* Task to complete *
Return the lines of the data below exactly. Start at the first and end with the line containing "Костюм Тактичний Посилений".

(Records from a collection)
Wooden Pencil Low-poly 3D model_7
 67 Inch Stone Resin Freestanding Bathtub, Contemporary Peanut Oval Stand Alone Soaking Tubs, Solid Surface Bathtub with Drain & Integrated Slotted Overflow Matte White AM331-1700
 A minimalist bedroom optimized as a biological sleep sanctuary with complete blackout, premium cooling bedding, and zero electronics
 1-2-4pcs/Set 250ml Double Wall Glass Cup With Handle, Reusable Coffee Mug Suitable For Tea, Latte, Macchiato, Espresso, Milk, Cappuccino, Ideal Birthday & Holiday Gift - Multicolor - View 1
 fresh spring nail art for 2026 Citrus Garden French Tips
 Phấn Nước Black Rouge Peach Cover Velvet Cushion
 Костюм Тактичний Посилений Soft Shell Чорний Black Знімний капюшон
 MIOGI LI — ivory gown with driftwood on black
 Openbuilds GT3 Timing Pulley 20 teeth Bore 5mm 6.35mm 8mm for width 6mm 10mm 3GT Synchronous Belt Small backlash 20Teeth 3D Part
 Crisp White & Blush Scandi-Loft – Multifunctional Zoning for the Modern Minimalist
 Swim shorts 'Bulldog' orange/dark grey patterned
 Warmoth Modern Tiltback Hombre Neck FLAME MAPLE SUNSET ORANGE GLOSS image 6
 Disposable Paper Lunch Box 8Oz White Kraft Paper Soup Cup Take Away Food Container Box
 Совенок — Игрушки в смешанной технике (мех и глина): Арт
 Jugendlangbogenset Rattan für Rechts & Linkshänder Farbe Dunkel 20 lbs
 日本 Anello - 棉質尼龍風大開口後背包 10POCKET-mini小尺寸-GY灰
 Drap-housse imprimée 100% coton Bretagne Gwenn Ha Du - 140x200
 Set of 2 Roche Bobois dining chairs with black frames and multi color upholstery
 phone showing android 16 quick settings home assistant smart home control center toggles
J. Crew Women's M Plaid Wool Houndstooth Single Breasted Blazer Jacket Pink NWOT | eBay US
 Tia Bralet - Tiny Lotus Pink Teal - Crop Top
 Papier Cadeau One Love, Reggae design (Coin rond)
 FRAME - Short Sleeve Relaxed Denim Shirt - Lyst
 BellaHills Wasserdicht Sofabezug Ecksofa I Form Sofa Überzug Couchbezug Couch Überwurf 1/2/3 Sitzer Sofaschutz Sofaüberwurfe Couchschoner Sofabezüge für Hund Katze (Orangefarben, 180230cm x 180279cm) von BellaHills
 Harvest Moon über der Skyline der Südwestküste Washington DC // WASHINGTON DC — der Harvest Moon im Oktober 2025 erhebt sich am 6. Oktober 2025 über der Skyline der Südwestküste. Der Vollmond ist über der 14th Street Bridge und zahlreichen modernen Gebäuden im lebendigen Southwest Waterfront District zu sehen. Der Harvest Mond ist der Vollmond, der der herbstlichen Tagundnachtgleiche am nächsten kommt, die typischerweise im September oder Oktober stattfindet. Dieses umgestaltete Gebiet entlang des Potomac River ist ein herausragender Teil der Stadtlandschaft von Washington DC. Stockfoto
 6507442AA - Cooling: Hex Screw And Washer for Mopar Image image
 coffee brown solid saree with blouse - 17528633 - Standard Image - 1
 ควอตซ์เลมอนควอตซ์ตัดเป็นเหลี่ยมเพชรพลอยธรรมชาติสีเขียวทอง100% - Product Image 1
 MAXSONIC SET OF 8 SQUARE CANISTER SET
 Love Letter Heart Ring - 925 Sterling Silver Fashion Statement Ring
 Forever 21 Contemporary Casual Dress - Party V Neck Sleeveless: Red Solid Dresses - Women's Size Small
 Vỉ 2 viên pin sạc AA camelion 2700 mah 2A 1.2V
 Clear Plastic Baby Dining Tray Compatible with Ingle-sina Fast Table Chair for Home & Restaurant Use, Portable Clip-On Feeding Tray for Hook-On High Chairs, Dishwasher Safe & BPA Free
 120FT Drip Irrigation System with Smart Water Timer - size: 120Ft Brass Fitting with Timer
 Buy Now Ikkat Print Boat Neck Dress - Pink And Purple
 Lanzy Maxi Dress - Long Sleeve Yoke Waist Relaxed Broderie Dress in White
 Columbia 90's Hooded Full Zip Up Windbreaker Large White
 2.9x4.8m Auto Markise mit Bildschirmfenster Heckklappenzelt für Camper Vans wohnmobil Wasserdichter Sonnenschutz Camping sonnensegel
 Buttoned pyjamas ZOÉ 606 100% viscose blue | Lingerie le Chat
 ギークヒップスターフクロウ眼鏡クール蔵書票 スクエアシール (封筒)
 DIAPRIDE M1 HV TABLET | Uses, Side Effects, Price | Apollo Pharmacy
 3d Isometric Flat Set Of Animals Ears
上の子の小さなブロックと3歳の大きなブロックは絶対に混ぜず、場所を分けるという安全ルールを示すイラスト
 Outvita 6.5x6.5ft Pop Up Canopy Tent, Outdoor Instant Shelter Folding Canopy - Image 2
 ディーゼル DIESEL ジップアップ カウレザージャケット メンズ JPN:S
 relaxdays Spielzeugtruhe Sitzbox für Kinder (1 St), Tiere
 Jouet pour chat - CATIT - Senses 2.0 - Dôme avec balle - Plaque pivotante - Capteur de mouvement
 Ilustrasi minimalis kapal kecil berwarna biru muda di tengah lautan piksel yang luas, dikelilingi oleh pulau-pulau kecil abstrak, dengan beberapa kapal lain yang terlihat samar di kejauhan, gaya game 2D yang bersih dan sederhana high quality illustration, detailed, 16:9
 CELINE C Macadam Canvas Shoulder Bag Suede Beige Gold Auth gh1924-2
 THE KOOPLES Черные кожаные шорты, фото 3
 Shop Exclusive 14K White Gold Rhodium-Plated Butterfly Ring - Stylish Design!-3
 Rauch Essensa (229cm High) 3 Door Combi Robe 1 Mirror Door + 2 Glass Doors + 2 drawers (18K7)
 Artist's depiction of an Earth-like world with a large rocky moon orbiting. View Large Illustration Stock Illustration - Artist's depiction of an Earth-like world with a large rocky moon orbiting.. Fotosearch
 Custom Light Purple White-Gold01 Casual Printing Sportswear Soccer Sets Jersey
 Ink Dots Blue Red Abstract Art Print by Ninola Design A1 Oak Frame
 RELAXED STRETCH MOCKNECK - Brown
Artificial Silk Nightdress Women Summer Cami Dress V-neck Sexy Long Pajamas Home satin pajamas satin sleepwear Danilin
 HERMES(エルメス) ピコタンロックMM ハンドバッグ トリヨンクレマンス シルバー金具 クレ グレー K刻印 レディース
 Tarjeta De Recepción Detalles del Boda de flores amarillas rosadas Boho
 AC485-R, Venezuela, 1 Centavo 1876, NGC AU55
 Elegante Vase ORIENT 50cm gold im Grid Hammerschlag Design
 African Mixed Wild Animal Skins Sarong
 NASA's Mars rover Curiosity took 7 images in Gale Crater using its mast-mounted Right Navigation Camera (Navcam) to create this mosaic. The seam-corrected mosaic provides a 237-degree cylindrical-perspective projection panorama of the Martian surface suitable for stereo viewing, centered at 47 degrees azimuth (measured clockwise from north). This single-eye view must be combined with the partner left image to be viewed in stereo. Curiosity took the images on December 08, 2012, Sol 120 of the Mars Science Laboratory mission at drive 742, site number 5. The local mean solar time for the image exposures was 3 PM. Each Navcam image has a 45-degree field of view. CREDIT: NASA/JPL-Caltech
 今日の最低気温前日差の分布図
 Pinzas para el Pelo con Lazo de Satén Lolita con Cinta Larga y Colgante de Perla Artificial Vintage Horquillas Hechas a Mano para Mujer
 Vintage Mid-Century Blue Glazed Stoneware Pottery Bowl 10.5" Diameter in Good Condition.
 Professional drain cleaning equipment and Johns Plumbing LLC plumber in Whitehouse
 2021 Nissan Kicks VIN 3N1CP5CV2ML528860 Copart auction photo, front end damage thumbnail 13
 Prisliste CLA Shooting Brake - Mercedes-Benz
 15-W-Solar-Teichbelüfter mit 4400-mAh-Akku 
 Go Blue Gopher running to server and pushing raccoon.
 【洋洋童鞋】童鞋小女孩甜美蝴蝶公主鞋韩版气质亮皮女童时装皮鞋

* Task solution *
Wooden Pencil Low-poly 3D model_7
 67 Inch Stone Resin Freestanding Bathtub, Contemporary Peanut Oval Stand Alone Soaking Tubs, Solid Surface Bathtub with Drain & Integrated Slotted Overflow Matte White AM331-1700
 A minimalist bedroom optimized as a biological sleep sanctuary with complete blackout, premium cooling bedding, and zero electronics
 1-2-4pcs/Set 250ml Double Wall Glass Cup With Handle, Reusable Coffee Mug Suitable For Tea, Latte, Macchiato, Espresso, Milk, Cappuccino, Ideal Birthday & Holiday Gift - Multicolor - View 1
 fresh spring nail art for 2026 Citrus Garden French Tips
 Phấn Nước Black Rouge Peach Cover Velvet Cushion
 Костюм Тактичний Посилений Soft Shell Чорний Black Знімний капюшон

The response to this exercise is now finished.